Monday, September 10, 2007

Azazel

In the passages from Enoch that we read, Azazel was one of the angels who mated with women to spawn the Nephilim. He also taught men how to make weapons of iron and bronze and women the art of beautifying their bodies with jewelry, makeup, and hair dye. For this he is cast into a hole in the desert and chained there with jagged rocks put on top of him. Also Enoch says with regard to Azazel: "To him ascribe all sin." This is why the ceremonial placing of sins on a goat who is let either into the wilderness or more likely off a cliff to die may have something to do with Azazel. Notably an alternate translation for his name is scapegoat. He is also considered the personification of impurity.

He is also purportedly the leader of the Sei'irim, goat demons who haunt the desert to whom many primitive semitic tribes offered sacrifices. Since he also is mentioned in Mandæan, Sabean, and Arabian mythologies, he may partially derive from a Babylonian deity that was later degraded by the aforementioned peoples. In Islamic demonology his name is changed to Iblis, or despair.

According to the Dictionarre Infernal Azazel is the guardian of goats, and today, Sept. 10th, was the Jewish feast of Expiation, in which the lots were cast for the two goats and one is set into the wilderness.

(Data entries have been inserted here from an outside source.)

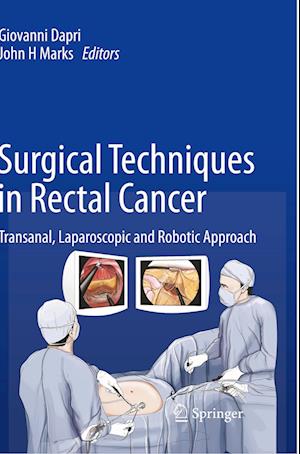 Surgical Techniques in Rectal Cancer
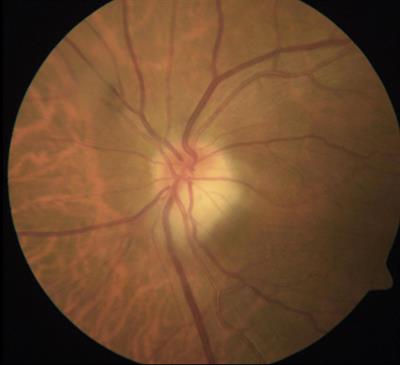 Giant Cell Arteritis: Updates and Controversies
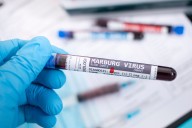 The Marburg Virus Outbreak in Rwanda. It Could Have Been Much Worse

The worship of Azazel was common among the semitic peopls as Jeroboam appointed preist for the Sei'irim, but since this practice supposedly involved the copulation of women with goats, all these places of worship were later destroyed by Josiah.

Given the combination of his goat like traits, his ascription of all sin, as well as his dwelling under jagged rocks in the desert, one can see how this somewhat strange ritual in Leviticus may have evolved.